As for Facebook, people seem to be saying that $100B is a small price to pay to avoid interacting with actual people. Andy Borowitz ?@BorowitzReport

When someone tells me they ran a marathon I usually ask “cool did you win” that usually shuts them up. Ken Jennings ?@KenJennings

Ugh, staff meeting insomnia. Tim Siedell ?@badbanana

Fell in the bathroom and hit my head today. Ambulance showed up before I could invent a flux capacitor. Will try again tomorrow. Stephen Colbert ?@StephenAtHome

Let’s decide right now as a society, how many cupcake places are we gonna need. Tremendous News! ?@tremendousnews

Enjoy your weekend!

5 Ways To Make A Bad Day Worse

Published by Zolligirl on May 16th, 2012 - in Musings

Say you wake up fat, and with an appointment to see your FEMALE doctor. Normally, this would be bad enough, but you want to make it worse.

1) First, stop at Subway for a lettuce salad with a side of lettuce. While you’re there, go to the restroom and open the door to find a crazy, homeless man using the bathroom. Stand there flabbergasted while he tells you “It’s fine, come on in.” Go get in the end of the line so he can come out and stand right behind you, mumbling and asking you if the food is free today.

2) Leave Subway and stop by the local retirement community. Stop and chat with an elderly man, notice he’s gotten thinner. Laugh when he says that he eats and eats and doesn’t gain weight. Tell him you have the opposite problem. Listen as he tells you, “Yes, you’ve gained a pound or two.”

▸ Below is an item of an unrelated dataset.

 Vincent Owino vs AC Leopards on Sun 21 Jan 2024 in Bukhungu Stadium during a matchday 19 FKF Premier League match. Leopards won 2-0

3) Head to your doctor’s appointment. Get weighed and realize that while your scale at home told you that you’re the fattest you’ve ever been, it was wrong. Watch the nurse slide the weight to four pounds PAST that. Go into the examination room and think fondly of days gone by when there was actually a changing area with a curtain and a real gown. Undress as fast as you can in the middle of the room then sit on the table wearing a paper vest open to the front and a paper sheet over your lap. Note that it doesn’t cover your behind, thus ensuring that it will the first thing your doctor sees upon entering.

4) Get your exam. In the middle of it, notice how the nurse comes halfway in, leaving the door open. Since there’s a mirror right next to the door, note that you can look down the hallway. Also note that people in the hallway can see you.

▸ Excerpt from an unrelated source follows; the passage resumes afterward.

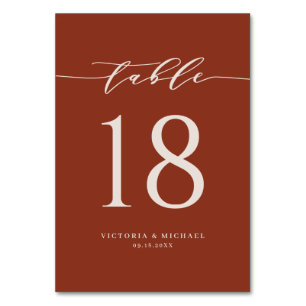 Terracotta Bold Minimalist Script Wedding Table Number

5) Go home, tell your husband everything. Listen as he tells you it probably wasn’t the best day for the people at the doctor’s office either.

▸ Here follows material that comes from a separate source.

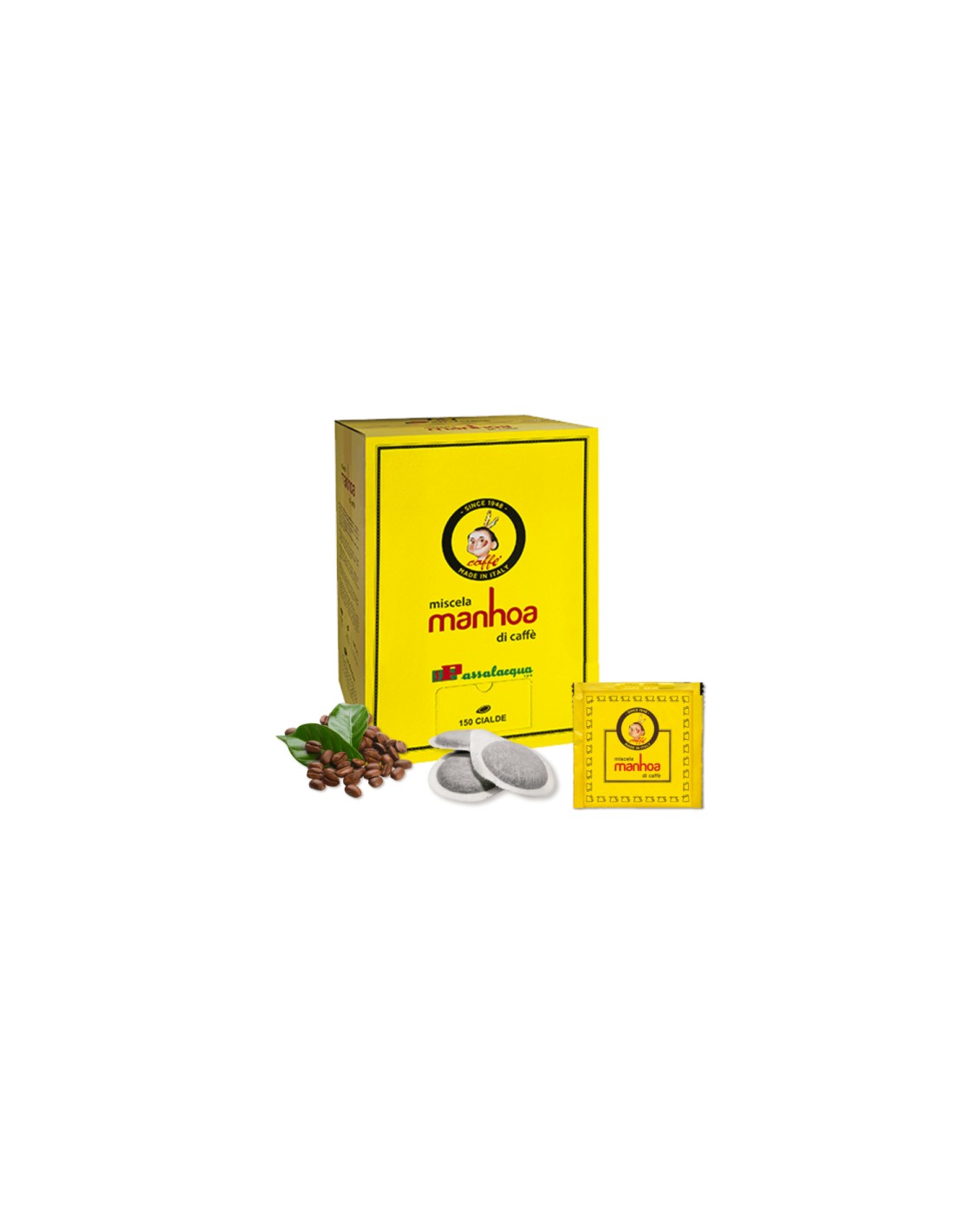 Caffè Passalacqua - 150 Cialde Filtro Carta ESE 44 mm - Miscela Manhoa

One Way to Make A Bad Day Better

1) Smack your husband

Bad. Mood.

Published by Zolligirl on May 15th, 2012 - in Family Life

Kittens, this has not been my day. First of all, and it’s hard to admit this publicly, but I’m not a very good bridge player. Shocking, I know. But it’s the painful truth. Tonight my bridge partner didn’t even show! He. Stood. Me. Up. That’s cold, even for bridge players. So I played with some poor woman who drove an HOUR from Atlanta only to come in on the bottom. If you hear of an old lady driving the wrong way on the interstate that’s my partner, confused and/or suicidal from my poor play.

On top of that, I’m starving! It’s been three days of nothing but natural food and to what end? I’ve lost .04 pounds and JD has lost SIX POUNDS. We may not make it to our 16th anniversary, I’m just saying.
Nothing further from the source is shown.